Abortion Today

I read most of the Dobbs decision, enough to judge it. The Supreme Court is not entirely wrong. Abortion has long been considered a crime. Roe v Wade was, I think, judicial activism. Respect for precedent only goes so far. Eg, Plessy v. Ferguson was an insanely wrong decision that made racial segregation legal. Retaining it as controlling law would have continued a crime.

But it also has two flaws that make it unreasonable. First, privacy and personal autonomy are real, traditional human rights that deserve the utmost respect even if women have only recently been included in the list of humans who deserve it. Second, society has absolutely no legitimate interest in "preserving fetal life". Yet these are the foundation of the Dobbs decision.

The decision explains that everyone goes around claiming rights that are components of 'liberty' that are not mentioned in the constitution. It ridicules the ideas of privacy and "bodily integrity" yet, these are rights that men (in America, white ones) have had throughout history, so much so that nobody even thought to mention it. If someone had suggested to Willian Penn or Thomas Jefferson that anyone had authority over their personal bodies, they wouldn't have even argued. They would have laughed.

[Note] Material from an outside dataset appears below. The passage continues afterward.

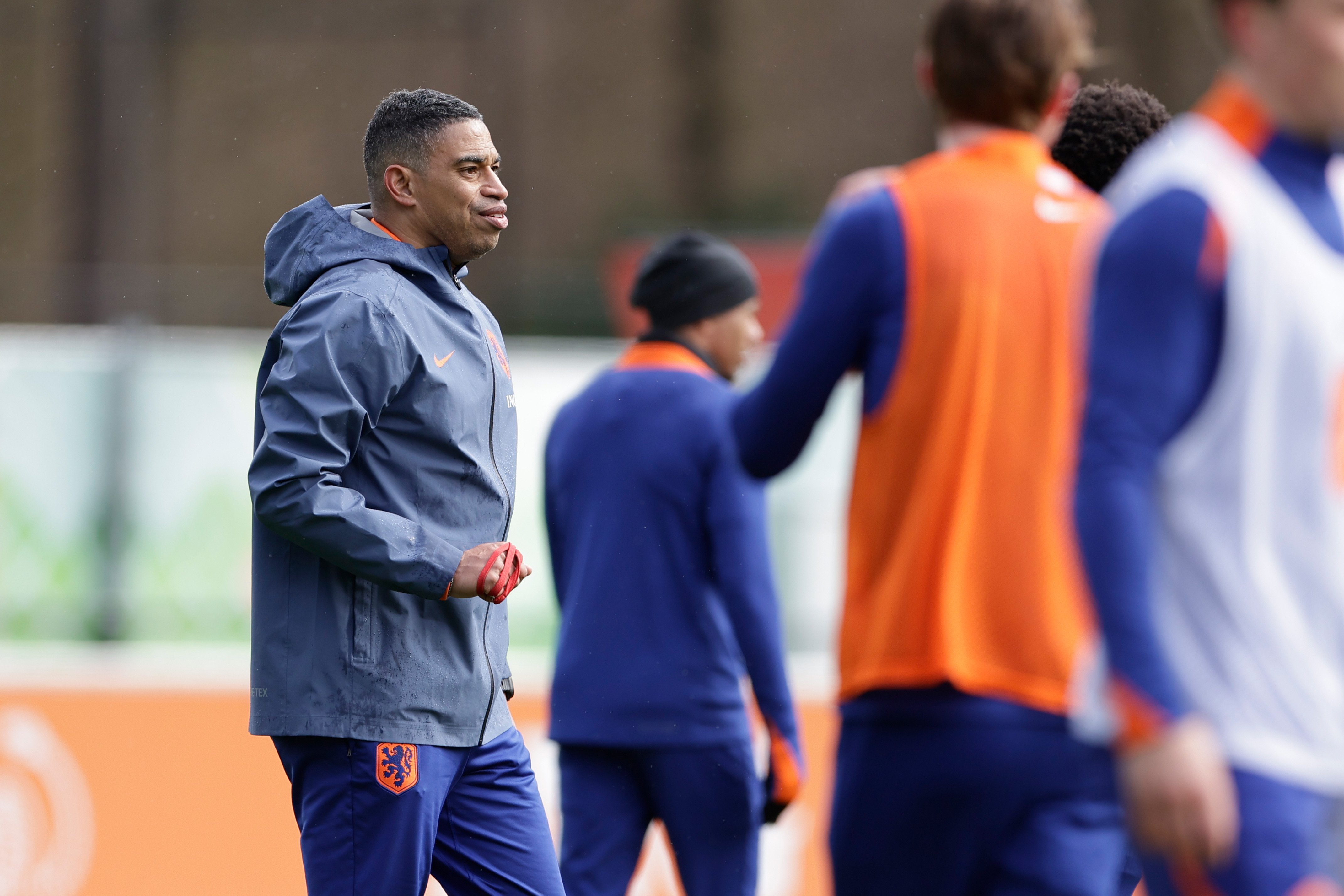 Reiziger als bondscoach van Jong Oranje op het trainingsveld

Of course, we all submit to infringements on our freedom in support of important goals. Your driving speed is restricted for my safety. Basically all laws restrict freedom. The operative phrase is "important goals". The Dobbs decision explains that many people consider the value of "potential life" to be an important moral point. It tells us that this fact gives legitimacy to the efforts to restrict womens' liberty. If most people value "potential life" over womens' freedom, that's enough to make it an "important goal".

But preserving potential life is no more legitimate an interest than, say, preserving racial purity. They both have arguments that favor them. They both have many adherents. But the values they propose are founded on completely personal, internal, emotion motivations. There is no consequence to society to justify either, no important goal that can be named.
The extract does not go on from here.